Maybe you should come back in a year's time.
(Ms Blears) As I did not go through the
process personally because I have only held this post since June
of last year, so clearly the Chief Medical Officer's strategy
was published before I was in this post, I have to say, having
read the strategy closely, I think it is one of the best strategies
that we have produced in the Department in terms of its focus
and its clarity. So certainly I think I would have responded to
that strategy probably in the way that we have. I think the establishment
of the Health Protection Agency, from all of my discussions with
them, is going to be a positive development for this country in
terms of bringing together people from a whole range of professional
disciplines, giving them the chance to work together, share good
practice and really raise the profile of health protection and
infection control in this country. So I have got great hopes for
it and, as you rightly say, Lord Chairman, perhaps if we come
back in a year's time and have a look whether those hopes have
been fulfilled, that would be the best way to see.
895. Because there are other things on the horizon.
In The Independent this morning "European Union launches
centre to tackle epidemics" and you no doubt will be aware
of this. How will this impinge on HPA and your Department? Would
you have an input into their planning in Brussels? Or maybe you
are already concerned with that.
(Ms Blears) I think increasingly issues of this nature
will be Pan-European, they are global. Infection, there are no
national boundaries. So inevitably there will be an increasing
need to collaborate. I would say that I think that our agencies,
the previous organisations, PHLS, CAMR, all of those, had an incredible
international reputation for the very, very high standard of their
work. I have no doubt that that places us in an extremely advantageous
position to be a major player in whatever European and indeed
global institutions emerge in this field.

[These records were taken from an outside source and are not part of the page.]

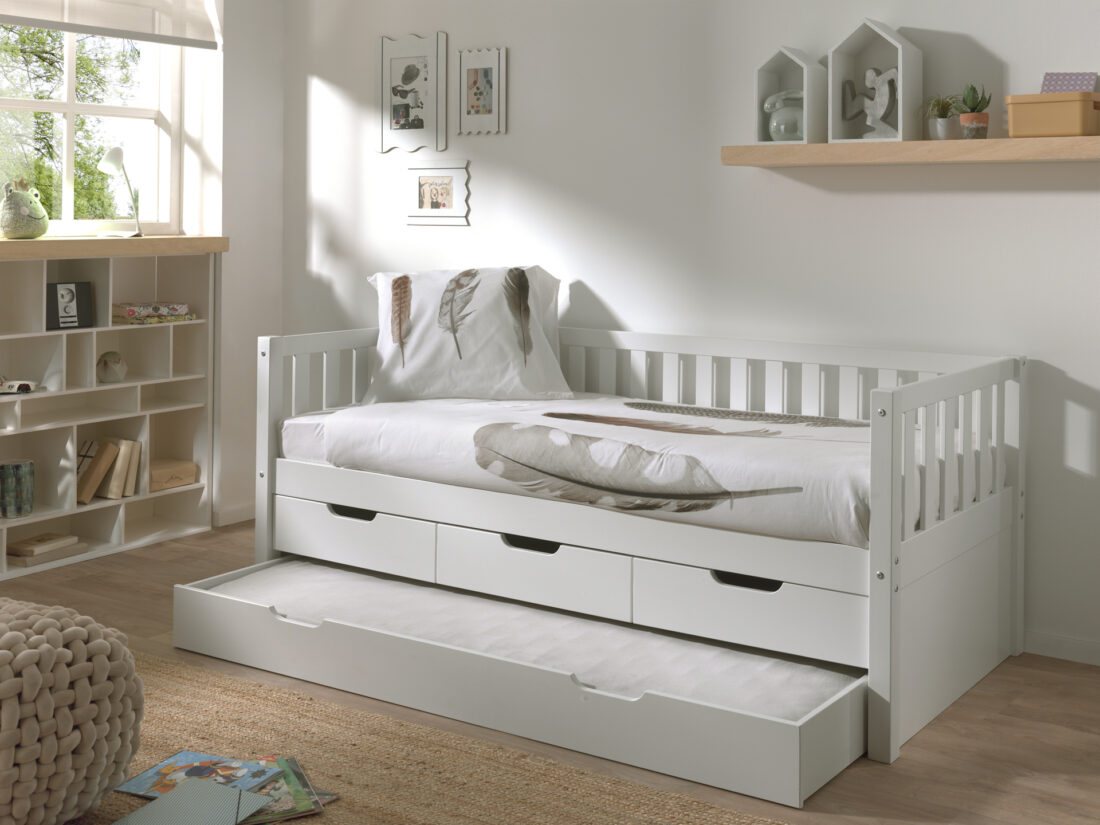 Kajuitbed Fritz 8211 Wit 8211 Bed 90 215 200 Cm Met 3 Opberglades En Bijhorend Rolbed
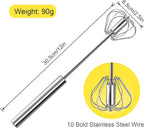 Stainless Steel Egg Whisk, 12 Inch Hand Mixer, Upgraded Semi-automatic Whisk, Ideal For Blending, Whisking, Baking tool, Beating Eggs, Butter & Milk, Suitable For Home Kitchen Use.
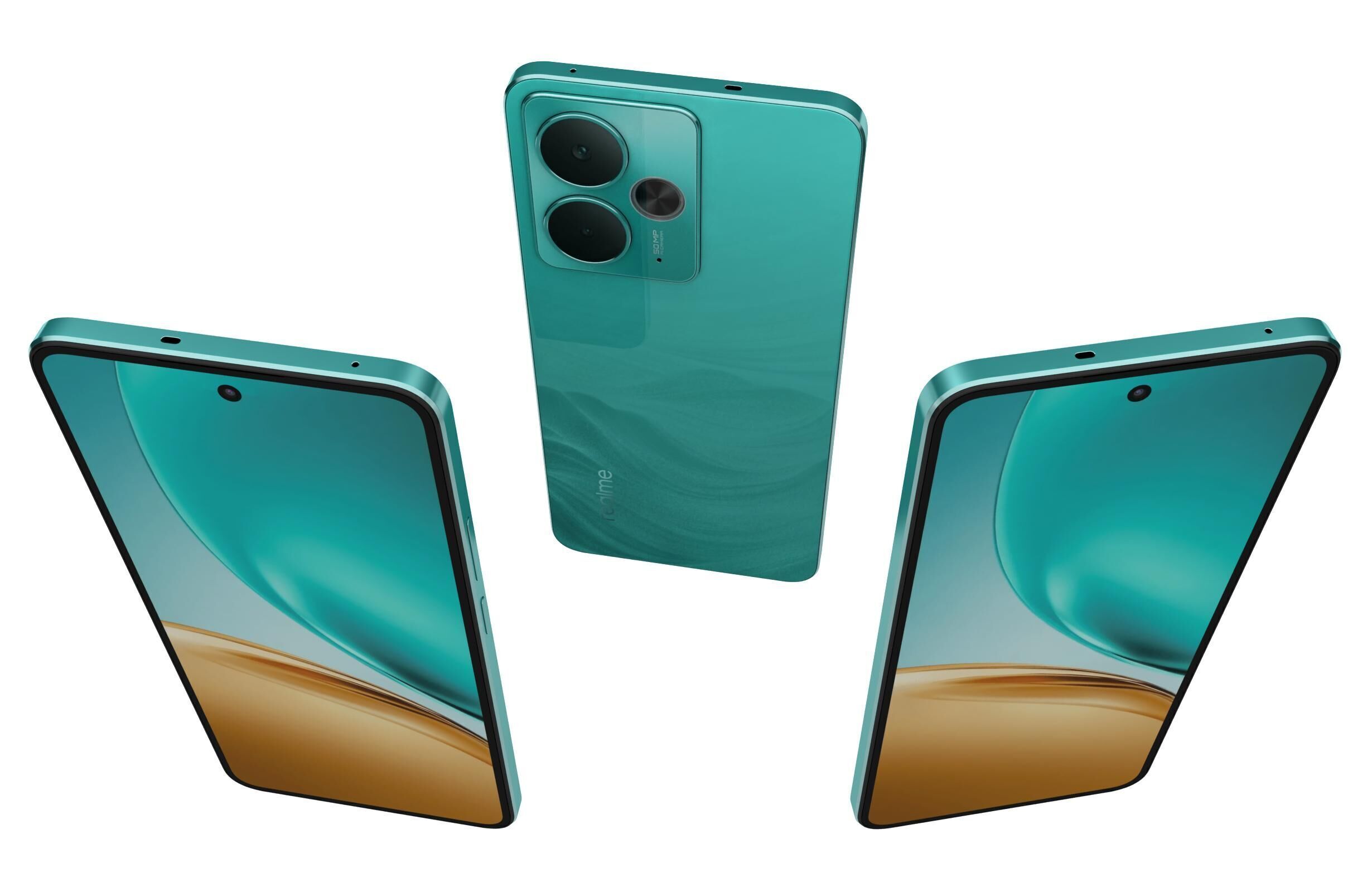 Realme 14T Green 3D model_1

896. Let us hope they draw advice from your
Department. Minister, thank you very much indeed for coming along.
We have had a longish but very detailed session. It is very good
of you and may I thank your colleagues too for coming too. If
there are any further thoughts, and there are two questions which
you are going to respond to, but in addition to those if there
are any other points that you feel have not been explored sufficiently
and you would like to explore them further, we would welcome an
input from you. You will get the transcript, of course, and be
able to make factual corrections, if any. But that just remains
for me again to thank you very much indeed. It has been very productive.
(Ms Blears) Thank you, I have enjoyed it too.